*** Opening Dataset records ***

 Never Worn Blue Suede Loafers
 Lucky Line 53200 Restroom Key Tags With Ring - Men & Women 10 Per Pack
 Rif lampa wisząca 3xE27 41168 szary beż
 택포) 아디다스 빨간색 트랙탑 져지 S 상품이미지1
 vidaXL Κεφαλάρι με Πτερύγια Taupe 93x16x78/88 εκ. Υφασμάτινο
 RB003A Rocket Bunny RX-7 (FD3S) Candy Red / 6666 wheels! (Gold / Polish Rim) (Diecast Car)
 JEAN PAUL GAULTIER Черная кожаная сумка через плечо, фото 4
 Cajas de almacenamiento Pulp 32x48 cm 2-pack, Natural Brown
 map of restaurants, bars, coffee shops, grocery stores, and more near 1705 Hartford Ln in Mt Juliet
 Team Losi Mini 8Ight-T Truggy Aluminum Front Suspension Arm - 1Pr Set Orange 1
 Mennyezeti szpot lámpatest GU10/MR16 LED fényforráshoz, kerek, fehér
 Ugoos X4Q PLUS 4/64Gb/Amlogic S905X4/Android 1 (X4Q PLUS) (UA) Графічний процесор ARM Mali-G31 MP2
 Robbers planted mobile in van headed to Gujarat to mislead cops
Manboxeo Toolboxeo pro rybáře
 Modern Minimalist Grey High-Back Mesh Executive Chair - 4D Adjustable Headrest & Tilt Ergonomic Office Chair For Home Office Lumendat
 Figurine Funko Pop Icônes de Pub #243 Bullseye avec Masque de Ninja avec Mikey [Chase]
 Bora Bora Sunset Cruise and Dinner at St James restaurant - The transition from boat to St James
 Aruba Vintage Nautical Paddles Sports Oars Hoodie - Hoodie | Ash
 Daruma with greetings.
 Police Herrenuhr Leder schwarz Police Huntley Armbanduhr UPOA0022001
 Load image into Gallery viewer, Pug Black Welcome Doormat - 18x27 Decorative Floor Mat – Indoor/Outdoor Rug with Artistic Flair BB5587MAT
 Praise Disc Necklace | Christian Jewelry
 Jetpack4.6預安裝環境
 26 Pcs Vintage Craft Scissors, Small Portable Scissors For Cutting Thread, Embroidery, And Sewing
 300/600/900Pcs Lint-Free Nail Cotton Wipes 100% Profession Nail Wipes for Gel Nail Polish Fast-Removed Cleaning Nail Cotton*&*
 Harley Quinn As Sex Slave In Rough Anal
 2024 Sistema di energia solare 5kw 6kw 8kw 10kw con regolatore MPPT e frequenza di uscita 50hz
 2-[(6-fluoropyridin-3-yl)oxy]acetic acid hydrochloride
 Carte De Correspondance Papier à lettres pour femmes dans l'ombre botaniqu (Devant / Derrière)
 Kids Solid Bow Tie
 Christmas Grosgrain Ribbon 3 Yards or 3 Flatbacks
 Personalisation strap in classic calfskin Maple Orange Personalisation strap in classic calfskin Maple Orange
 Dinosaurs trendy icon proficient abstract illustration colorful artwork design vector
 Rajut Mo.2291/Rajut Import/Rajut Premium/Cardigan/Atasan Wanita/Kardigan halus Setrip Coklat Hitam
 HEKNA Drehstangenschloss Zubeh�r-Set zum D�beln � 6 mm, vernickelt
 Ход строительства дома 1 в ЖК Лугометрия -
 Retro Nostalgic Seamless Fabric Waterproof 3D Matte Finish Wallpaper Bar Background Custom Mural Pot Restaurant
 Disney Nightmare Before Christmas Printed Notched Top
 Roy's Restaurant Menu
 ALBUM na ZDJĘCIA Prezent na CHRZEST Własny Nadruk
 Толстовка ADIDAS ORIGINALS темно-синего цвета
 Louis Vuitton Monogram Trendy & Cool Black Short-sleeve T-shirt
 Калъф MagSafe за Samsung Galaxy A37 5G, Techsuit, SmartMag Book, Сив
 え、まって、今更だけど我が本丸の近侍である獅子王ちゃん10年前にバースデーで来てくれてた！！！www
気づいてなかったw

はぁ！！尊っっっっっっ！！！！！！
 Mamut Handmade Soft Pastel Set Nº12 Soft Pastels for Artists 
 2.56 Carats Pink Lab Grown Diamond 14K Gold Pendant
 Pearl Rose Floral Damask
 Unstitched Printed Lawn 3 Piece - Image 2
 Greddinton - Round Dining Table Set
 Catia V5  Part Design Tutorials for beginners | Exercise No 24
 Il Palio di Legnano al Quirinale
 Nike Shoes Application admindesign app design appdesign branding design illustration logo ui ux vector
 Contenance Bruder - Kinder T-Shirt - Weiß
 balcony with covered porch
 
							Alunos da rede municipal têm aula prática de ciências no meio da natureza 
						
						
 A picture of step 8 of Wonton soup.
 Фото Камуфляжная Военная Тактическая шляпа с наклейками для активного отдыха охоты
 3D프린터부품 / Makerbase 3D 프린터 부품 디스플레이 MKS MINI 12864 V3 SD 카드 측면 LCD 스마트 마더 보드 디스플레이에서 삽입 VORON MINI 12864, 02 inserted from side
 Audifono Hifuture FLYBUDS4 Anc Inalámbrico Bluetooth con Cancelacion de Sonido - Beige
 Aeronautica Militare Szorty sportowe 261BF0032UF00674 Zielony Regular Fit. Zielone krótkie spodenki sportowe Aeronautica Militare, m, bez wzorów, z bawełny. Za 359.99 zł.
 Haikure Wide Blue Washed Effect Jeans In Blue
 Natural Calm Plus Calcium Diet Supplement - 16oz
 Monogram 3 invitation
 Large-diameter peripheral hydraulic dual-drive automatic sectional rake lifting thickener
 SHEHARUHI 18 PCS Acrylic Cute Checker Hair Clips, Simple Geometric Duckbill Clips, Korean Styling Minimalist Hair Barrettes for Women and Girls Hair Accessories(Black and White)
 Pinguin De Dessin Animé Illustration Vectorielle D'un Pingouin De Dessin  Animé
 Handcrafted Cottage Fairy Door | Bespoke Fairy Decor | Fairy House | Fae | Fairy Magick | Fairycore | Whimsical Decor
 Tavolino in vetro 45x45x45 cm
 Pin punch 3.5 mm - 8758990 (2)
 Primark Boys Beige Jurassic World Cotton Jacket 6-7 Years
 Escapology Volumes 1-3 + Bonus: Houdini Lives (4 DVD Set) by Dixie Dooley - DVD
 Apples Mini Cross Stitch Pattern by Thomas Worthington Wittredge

*** Closing Dataset records ***

• About this task: Repeat exactly the lines of the material above, taking the first line, the line with "Figurine Funko Pop", and every line between them.

• Exercise solution:
 Never Worn Blue Suede Loafers
 Lucky Line 53200 Restroom Key Tags With Ring - Men & Women 10 Per Pack
 Rif lampa wisząca 3xE27 41168 szary beż
 택포) 아디다스 빨간색 트랙탑 져지 S 상품이미지1
 vidaXL Κεφαλάρι με Πτερύγια Taupe 93x16x78/88 εκ. Υφασμάτινο
 RB003A Rocket Bunny RX-7 (FD3S) Candy Red / 6666 wheels! (Gold / Polish Rim) (Diecast Car)
 JEAN PAUL GAULTIER Черная кожаная сумка через плечо, фото 4
 Cajas de almacenamiento Pulp 32x48 cm 2-pack, Natural Brown
 map of restaurants, bars, coffee shops, grocery stores, and more near 1705 Hartford Ln in Mt Juliet
 Team Losi Mini 8Ight-T Truggy Aluminum Front Suspension Arm - 1Pr Set Orange 1
 Mennyezeti szpot lámpatest GU10/MR16 LED fényforráshoz, kerek, fehér
 Ugoos X4Q PLUS 4/64Gb/Amlogic S905X4/Android 1 (X4Q PLUS) (UA) Графічний процесор ARM Mali-G31 MP2
 Robbers planted mobile in van headed to Gujarat to mislead cops
Manboxeo Toolboxeo pro rybáře
 Modern Minimalist Grey High-Back Mesh Executive Chair - 4D Adjustable Headrest & Tilt Ergonomic Office Chair For Home Office Lumendat
 Figurine Funko Pop Icônes de Pub #243 Bullseye avec Masque de Ninja avec Mikey [Chase]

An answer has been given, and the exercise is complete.